Review: The Invention of Love

TOBY JONES “enjoyed the play immensely, but was left slightly disappointed that rehearsals hadn’t started two weeks earlier.”

ADC Oscar McCarthy Stoppard

The Invention of Love

Alcock Players, ADC Mainshow

“Now is the time, when you are young, to drink the best wine and pick the best fruit…”

I have to say I have a great fondness for Stoppard. Any playwright who can make an audience reflect on the meanings of life, the universe and everything, quote Plato, and make them chuckle all in the same breath has to be something special.

‘The Invention of Love’ follows the scholar and poet A.E. Houseman (Josh Stamp- Simon and Oskar McCarthy) as he reminisces about his rather lonely and loveless life, his academic enthusiasms, his poetry, his friends and his ‘long silences’ on the banks of the river Styx. Like many of Stoppard’s plays the plot is pretty irrelevant. ‘The Invention of Love’ is less a story and more a reflective dialogue, which is at times pretty dense and challenging but don’t let that put you off, we’re at Cambridge, it shouldn’t. (Unless you’re a Land Ec, in which case, fair enough.)
Photos: John Linford

Like any good Cantabridgian I feel slightly queasy when anyone suggests I might like to go and see anything with love in the title. One expects flowery phrases, trite plots, audiences full of teenage girls, Hugh Grant and that bitter sense of injustice that you were forced to watch two hours of what you tell yourself are people looking unrealistically cheerful in unrealistically perfect relationships. Thankfully, ‘The Invention of Love’ has none of these things; it’s actually good, really good.

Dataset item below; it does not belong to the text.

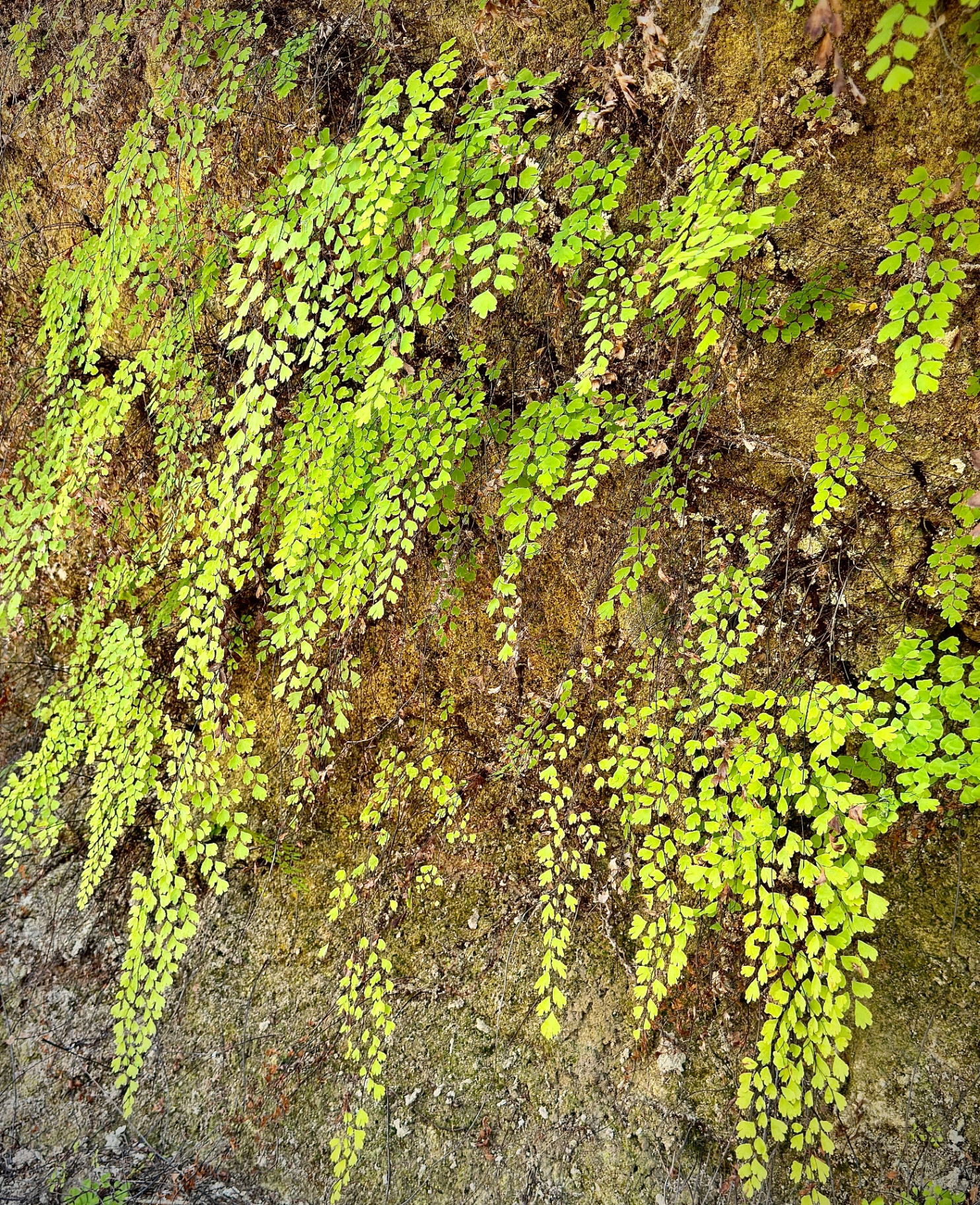 Maidenhair Fern on Mossy Limestone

I am by no means well-read by Cambridge standards but I do not exaggerate when I say that this is the single most interesting play, novel, poem or film I have ever seen or read on the subject of love. The play is quite outstanding. Single or attached, homosexual or heterosexual, young or old, ugly or beautiful, promiscuous or frigid, I can guarantee that provided you have a modicum of intelligence and don’t watch this play after an afternoon in the pub will come away from it with something really rather special. What’s more you’ll come away from it thinking.

One moment that really stuck in my mind as being particularly relevant to so many that I know at Cambridge was when Oscar Wilde (Amrou Al-Kadhi) asks Houseman on the misty banks of the river Styx;

“Where were you when all this was going on?”
Houseman replied: “At home.”

So five stars for Stoppard, but what of the rest?

There we’re, thankfully some excellent performances to do justice to Stoppard’s masterpiece. Oskar McCarthy (Young Houseman) and Jason Forbes (Jackson) both put in impressive and moving performances. Both showed beyond doubt that they were more than worthy of their places on the ADC stage. I also liked Stamp-Simon (who put in by far the best performance I have ever seen him give), Coldwell and Al-Kadhi.

Yet, there were two things that bugged me about this performance. The first was a lack of clarity. Stoppard is hard enough for an audience as it is and can do with out actors who gabble, mumble or have poor diction. There were moments where Ginn, Morland, Frecknall and Hancock-Evans were, despite their talent, almost incomprehensible. It would not matter so much in other plays but, whether down to a lazy director or lazy acting, in Stoppard this is unforgivable.

My second problem lay in the character development. Stoppard had given this director a wonderful opportunity to play with developing some really interesting characters but most of the development, particularly in the smaller parts seemed under-done, missing or misplaced. It rather looked as if Jacob Shephard, for all his talent, had forgotten the comic potential of the smaller roles and left all but the leads to their own devices.

This play is excellent and I recommend everyone to go and see it, but a great deal of its excellence lies in the text and the strength of the lead actors. There is a great deal further to go in the performance of it, more humour, more character to be found. I enjoyed the play immensely, but I was left slightly disappointed that rehearsals hadn’t started two weeks earlier.